Problem details
Output only the lines below from the one holding "Imagem Casa à" down to the one holding "CyFair League Nike Club Fleece Hoodie", both end lines included and every picture dropped.

Task data
________________________________________

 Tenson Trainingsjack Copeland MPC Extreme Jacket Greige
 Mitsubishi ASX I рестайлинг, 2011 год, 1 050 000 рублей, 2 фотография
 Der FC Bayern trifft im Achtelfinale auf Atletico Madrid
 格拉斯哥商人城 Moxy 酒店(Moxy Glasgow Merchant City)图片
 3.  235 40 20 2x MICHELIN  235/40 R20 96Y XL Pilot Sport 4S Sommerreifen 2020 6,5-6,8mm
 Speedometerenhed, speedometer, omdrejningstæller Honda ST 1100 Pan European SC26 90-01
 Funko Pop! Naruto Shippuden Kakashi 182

________________________________________

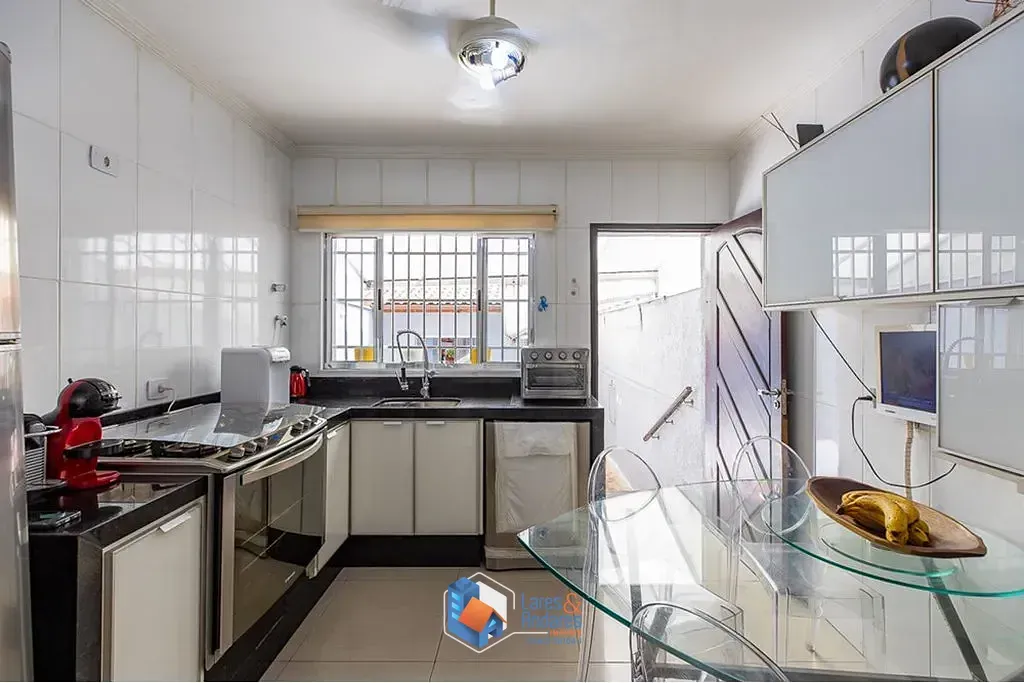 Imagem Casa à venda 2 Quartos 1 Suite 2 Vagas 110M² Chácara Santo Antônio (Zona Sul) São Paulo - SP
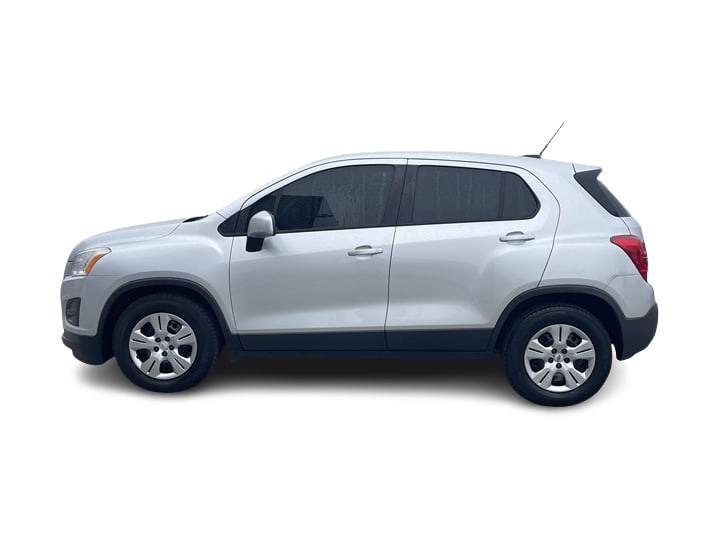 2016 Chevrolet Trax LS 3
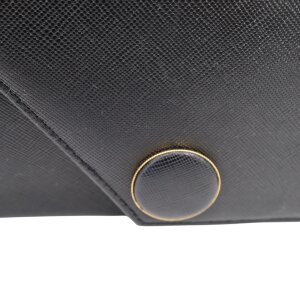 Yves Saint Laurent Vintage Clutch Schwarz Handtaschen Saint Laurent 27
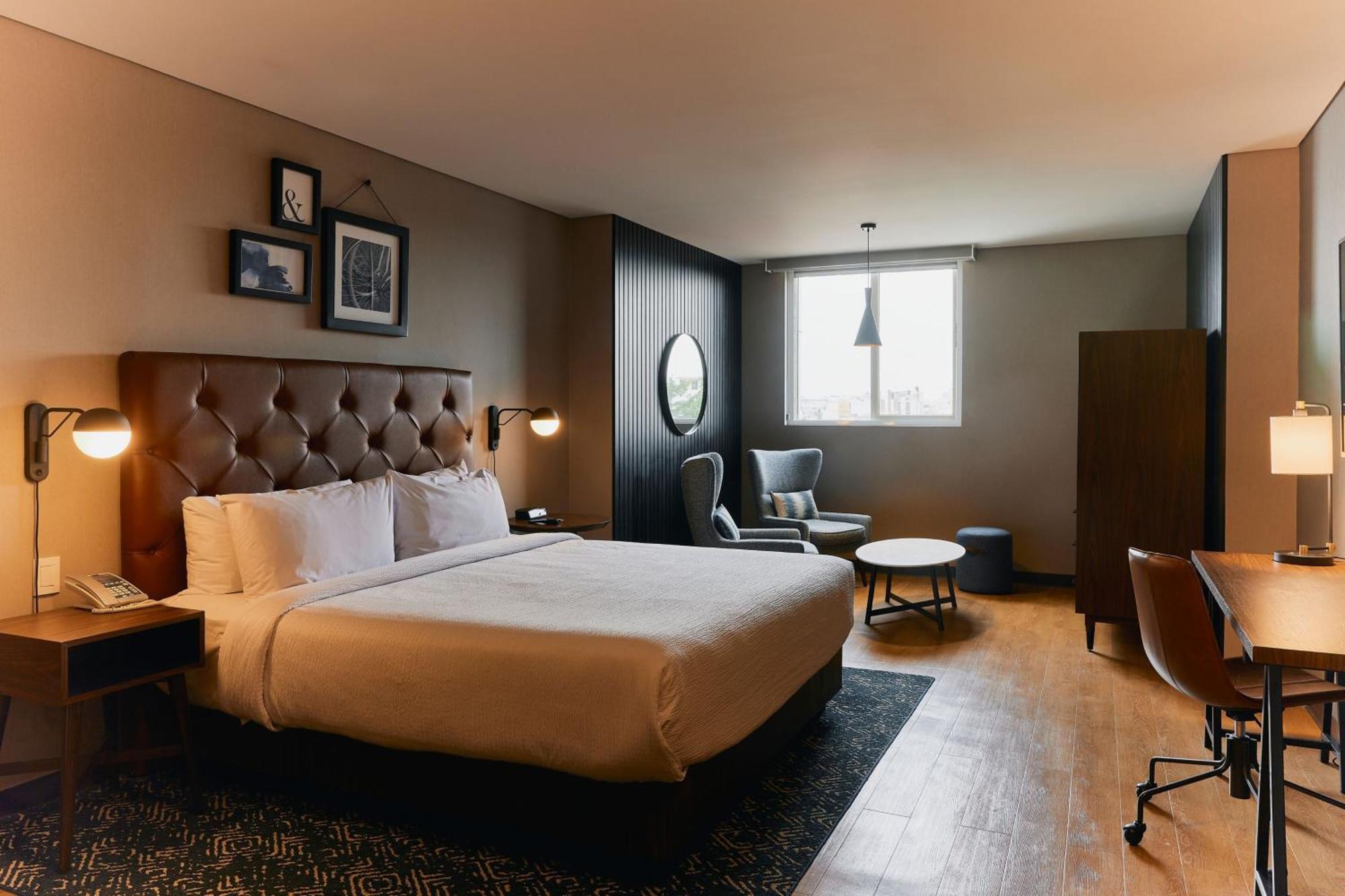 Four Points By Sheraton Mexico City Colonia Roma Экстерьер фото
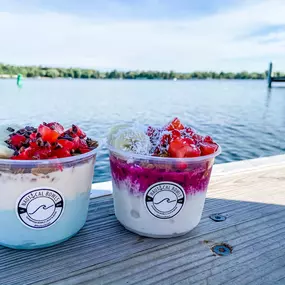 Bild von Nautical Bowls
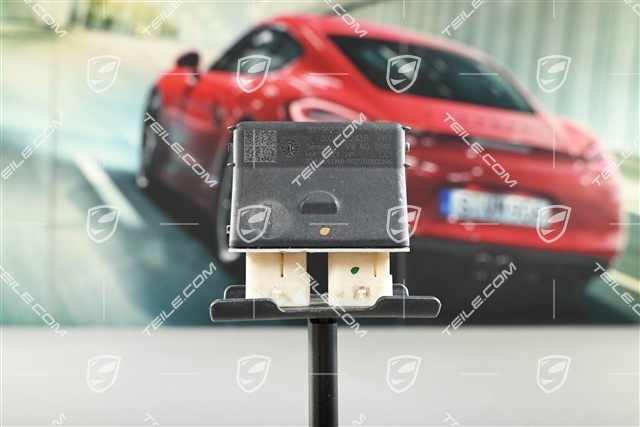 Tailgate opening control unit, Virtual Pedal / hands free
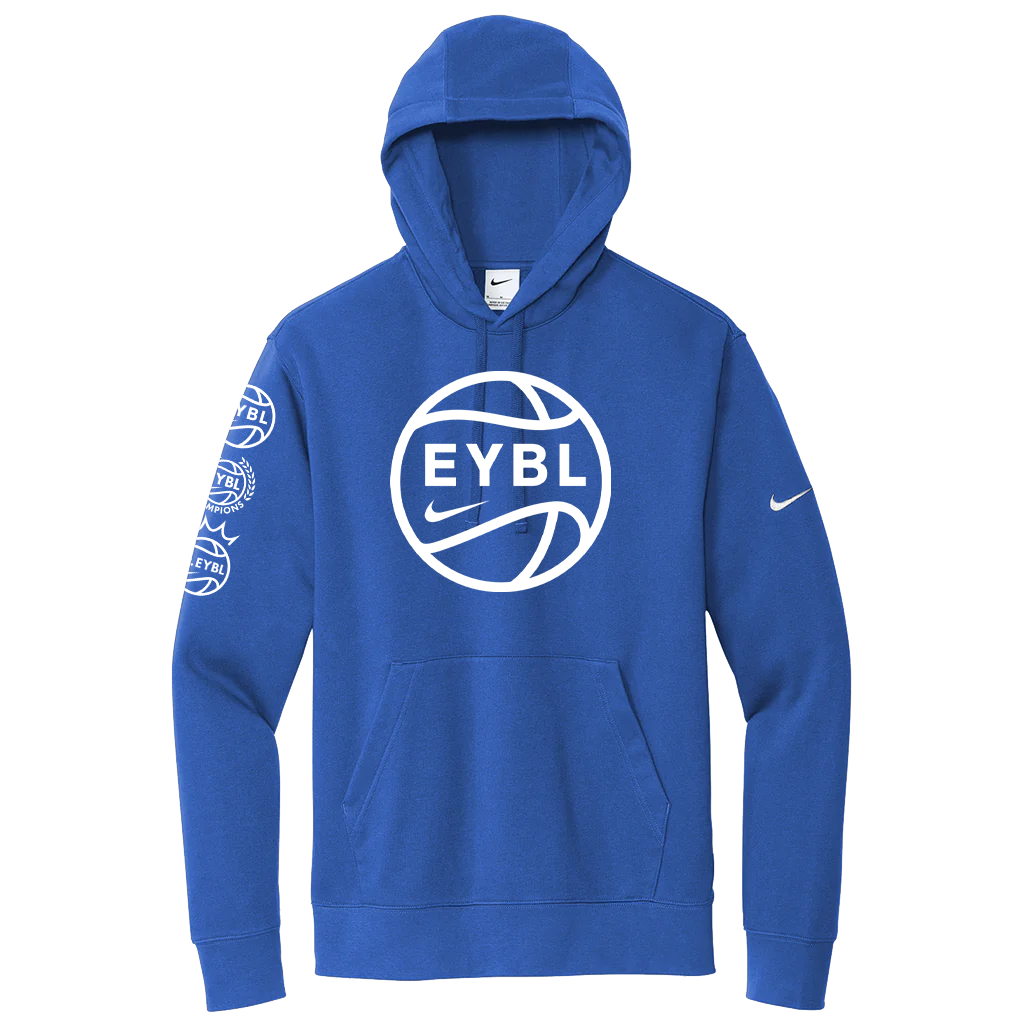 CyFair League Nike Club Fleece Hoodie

________________________________________

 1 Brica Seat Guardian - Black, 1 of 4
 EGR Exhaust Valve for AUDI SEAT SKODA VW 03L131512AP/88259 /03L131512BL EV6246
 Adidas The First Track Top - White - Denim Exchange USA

________________________________________

Your solution
 Imagem Casa à venda 2 Quartos 1 Suite 2 Vagas 110M² Chácara Santo Antônio (Zona Sul) São Paulo - SP
 2016 Chevrolet Trax LS 3
 Yves Saint Laurent Vintage Clutch Schwarz Handtaschen Saint Laurent 27
 Four Points By Sheraton Mexico City Colonia Roma Экстерьер фото
 Bild von Nautical Bowls
 Tailgate opening control unit, Virtual Pedal / hands free
 CyFair League Nike Club Fleece Hoodie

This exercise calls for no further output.